I looked today at the Paper.js in particular the function that starts at line 4474 of the paper-core.js file.  Which I shall paste below.

It helps a very lot in understanding things.  Now that from this post we know the conversion from extended script to and from the html "ctx.bezierCurveTo()" it opens up the topic tremendously.

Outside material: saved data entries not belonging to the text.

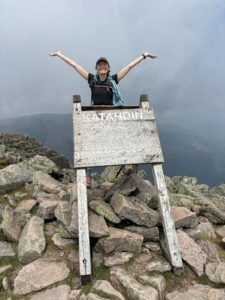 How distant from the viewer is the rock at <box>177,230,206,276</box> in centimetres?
685

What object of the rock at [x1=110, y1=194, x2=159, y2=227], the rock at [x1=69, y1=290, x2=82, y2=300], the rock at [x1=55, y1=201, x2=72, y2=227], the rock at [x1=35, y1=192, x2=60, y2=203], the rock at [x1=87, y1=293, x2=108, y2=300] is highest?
the rock at [x1=35, y1=192, x2=60, y2=203]

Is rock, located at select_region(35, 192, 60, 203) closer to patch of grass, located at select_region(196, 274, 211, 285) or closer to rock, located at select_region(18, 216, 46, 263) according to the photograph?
rock, located at select_region(18, 216, 46, 263)

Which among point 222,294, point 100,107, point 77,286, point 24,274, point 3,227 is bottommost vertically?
point 222,294

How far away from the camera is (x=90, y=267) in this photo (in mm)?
6387

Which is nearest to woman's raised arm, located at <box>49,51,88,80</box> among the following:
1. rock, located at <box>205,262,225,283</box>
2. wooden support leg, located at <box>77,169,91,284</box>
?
wooden support leg, located at <box>77,169,91,284</box>

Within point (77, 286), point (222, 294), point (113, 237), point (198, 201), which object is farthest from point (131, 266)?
point (198, 201)

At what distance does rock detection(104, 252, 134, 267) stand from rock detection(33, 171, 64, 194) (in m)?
4.85

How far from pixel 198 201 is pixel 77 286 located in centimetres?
766

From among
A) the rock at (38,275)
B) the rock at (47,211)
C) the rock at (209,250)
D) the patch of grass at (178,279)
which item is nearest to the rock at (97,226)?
the rock at (38,275)

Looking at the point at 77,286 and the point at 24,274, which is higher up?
the point at 24,274

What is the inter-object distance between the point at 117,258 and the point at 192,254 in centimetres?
213

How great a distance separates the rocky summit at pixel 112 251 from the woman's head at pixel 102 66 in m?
3.76

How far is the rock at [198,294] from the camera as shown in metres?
5.94

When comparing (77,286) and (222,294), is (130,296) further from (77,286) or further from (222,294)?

```_draw: function(ctx, param, strokeMatrix) {
var style = this._style,
hasFill = style.hasFill(),
hasStroke = style.hasStroke(),
dontPaint = param.dontFinish || param.clip,
untransformed = !strokeMatrix;
if (hasFill || hasStroke || dontPaint) {
var type = this._type,
isCircle = type === 'circle';
if (!param.dontStart)
ctx.beginPath();
if (untransformed && isCircle) {
ctx.arc(0, 0, radius, 0, Math.PI * 2, true);
} else {
var rx = isCircle ? radius : radius.width,
ry = isCircle ? radius : radius.height,
size = this._size,
width = size.width,
height = size.height;
if (untransformed && type === 'rectangle' && rx === 0 && ry === 0) {
ctx.rect(-width / 2, -height / 2, width, height);
} else {
var x = width / 2,
y = height / 2,
kappa = 1 - 0.5522847498307936,
cx = rx * kappa,
cy = ry * kappa,
c = [
-x, -y + ry,
-x, -y + cy,
-x + cx, -y,
-x + rx, -y,
x - rx, -y,
x - cx, -y,
x, -y + cy,
x, -y + ry,
x, y - ry,
x, y - cy,
x - cx, y,
x - rx, y,
-x + rx, y,
-x + cx, y,
-x, y - cy,
-x, y - ry
];
if (strokeMatrix)
strokeMatrix.transform(c, c, 32);
ctx.moveTo(c[0], c[1]);
ctx.bezierCurveTo(c[2], c[3], c[4], c[5], c[6], c[7]);
if (x !== rx)
ctx.lineTo(c[8], c[9]);
ctx.bezierCurveTo(c[10], c[11], c[12], c[13], c[14], c[15]);
if (y !== ry)
ctx.lineTo(c[16], c[17]);
ctx.bezierCurveTo(c[18], c[19], c[20], c[21], c[22], c[23]);
if (x !== rx)
ctx.lineTo(c[24], c[25]);
ctx.bezierCurveTo(c[26], c[27], c[28], c[29], c[30], c[31]);
}
}
ctx.closePath();
}
```

From this it should be pretty simple to parse in the jsx.  With this we can draw an ellipse, or a 1/4, 1/2 and 3/4 ellipse using 1, 2, 3 or 4 bezier curves.

This is really all I need, but what I would like is to be able to start and end at any point in the ellipse.

Given H, W, and start and end angles S and E how would I calculate the black bezier curve on the right side of the screenshot?